• [About this task] Would you please retype, exactly, the lines of the listing below between the line with "Cartoon Ikarus C42" and the line with "Reloj de mesa", inclusive?
Recorded information Block Start
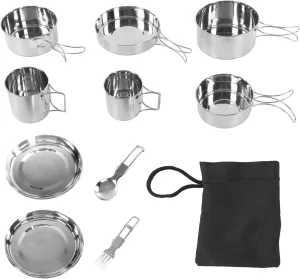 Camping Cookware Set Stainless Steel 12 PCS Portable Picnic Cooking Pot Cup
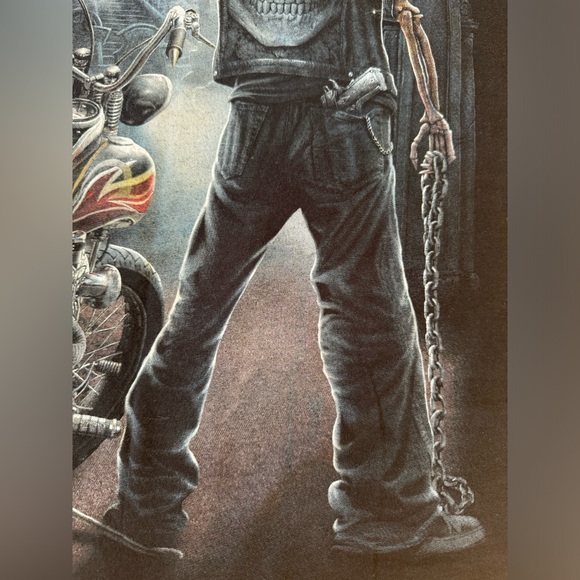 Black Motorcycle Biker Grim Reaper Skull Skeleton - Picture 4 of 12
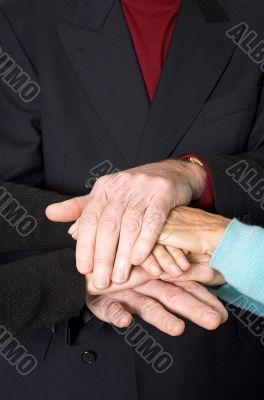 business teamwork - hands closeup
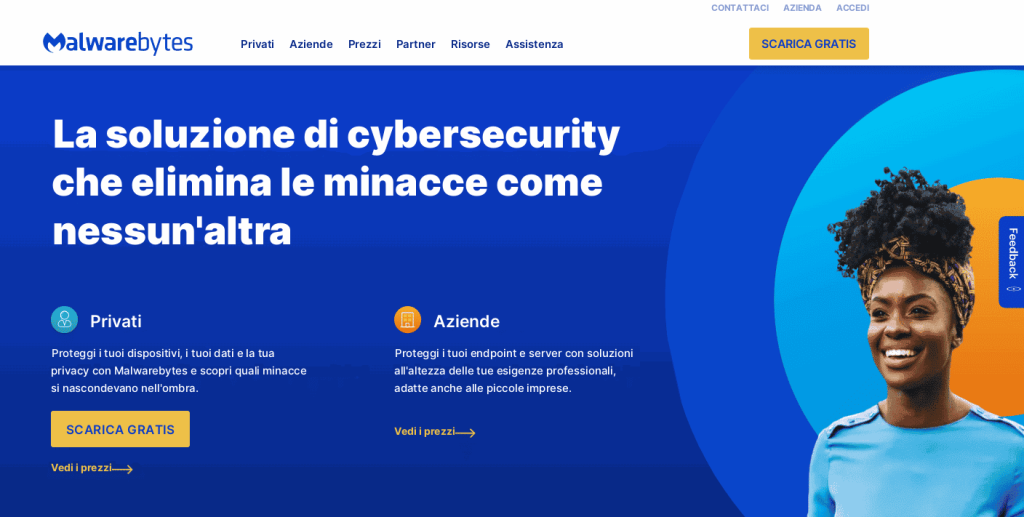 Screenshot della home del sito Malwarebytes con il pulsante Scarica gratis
Recorded information Block End
Recorded information Block Start
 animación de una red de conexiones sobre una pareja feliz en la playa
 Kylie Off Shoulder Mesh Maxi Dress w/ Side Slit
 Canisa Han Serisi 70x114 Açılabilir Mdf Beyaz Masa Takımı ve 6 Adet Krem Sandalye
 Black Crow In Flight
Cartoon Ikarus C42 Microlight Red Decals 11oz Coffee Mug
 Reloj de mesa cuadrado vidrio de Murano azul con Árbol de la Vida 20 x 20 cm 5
Recorded information Block End
• [Task answer]
Cartoon Ikarus C42 Microlight Red Decals 11oz Coffee Mug
 Reloj de mesa cuadrado vidrio de Murano azul con Árbol de la Vida 20 x 20 cm 5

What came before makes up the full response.